What advices give you to develop business entrepreneur proposition based on insight into characteristics and needs?

Yours very truly,
Sami Atig

mailto:vt@card4net.com

- Posted by atig
June 16, 2008 11:10 AM

What are the social interlinkages betweeen innovation and transformation. Which one comes first. A company experiencing a protracted lull in business should do what? -transform and or innovate?

- Posted by james
June 16, 2008 11:54 AM

Marianela:
the problem is politic not an economic. So I suggest wait and see.
But if you need to win time try to make contact with a local partner. Maybe this can help you.
regard

- Posted by Sergio
June 16, 2008 3:21 PM

On the part about "Escalation of commitment", there is a fine lecture by Rebecca Henderson (http://mitworld.mit.edu/video/544/).
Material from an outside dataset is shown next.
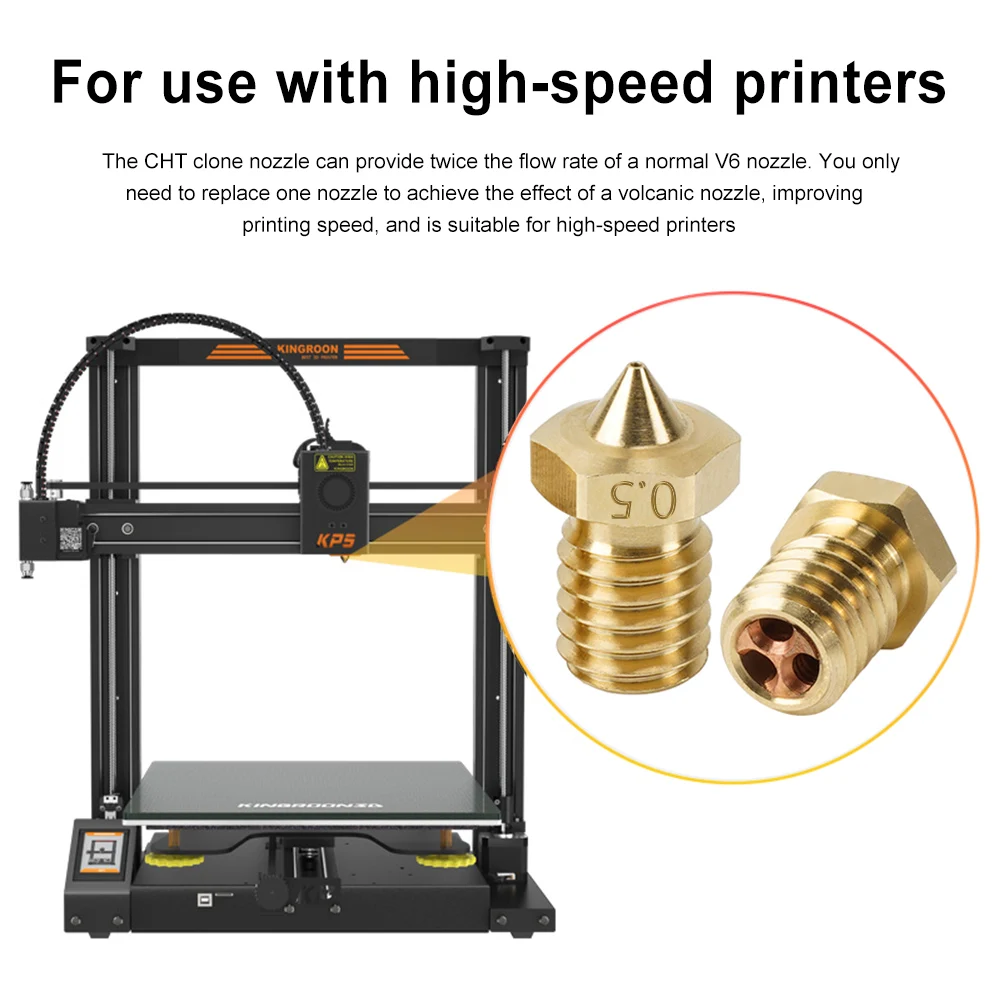 Части 3D-принтера Латунная Печатающая Головка E3D V6 Нити Накала Латунные Медные Сопла Головка Экструдера С Высоким Расходом Для Аксессуаров 3D-принтера 1.75 мм Изображение 2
I am currently carrying the portffolio of driving Innovation in an organization with USD3Bn in revenue. After trying different things, here is the big realization. There are many techniques and each have their own relevance. Each have goodness from one point-of-view and short coming from another. But the baseline is the 'wilingness to change'. Starting from the top, what is the commitment for that and how that is translating as the 'walking the talk' happen?

- Posted by Vaidya Nathan
June 17, 2008 2:54 AM

Remember the Pet Rock and the short lived, but very successful money maker that it was? Where can someone go to get marketing and/or manufacturing support for another novelty item without someone stealing the idea?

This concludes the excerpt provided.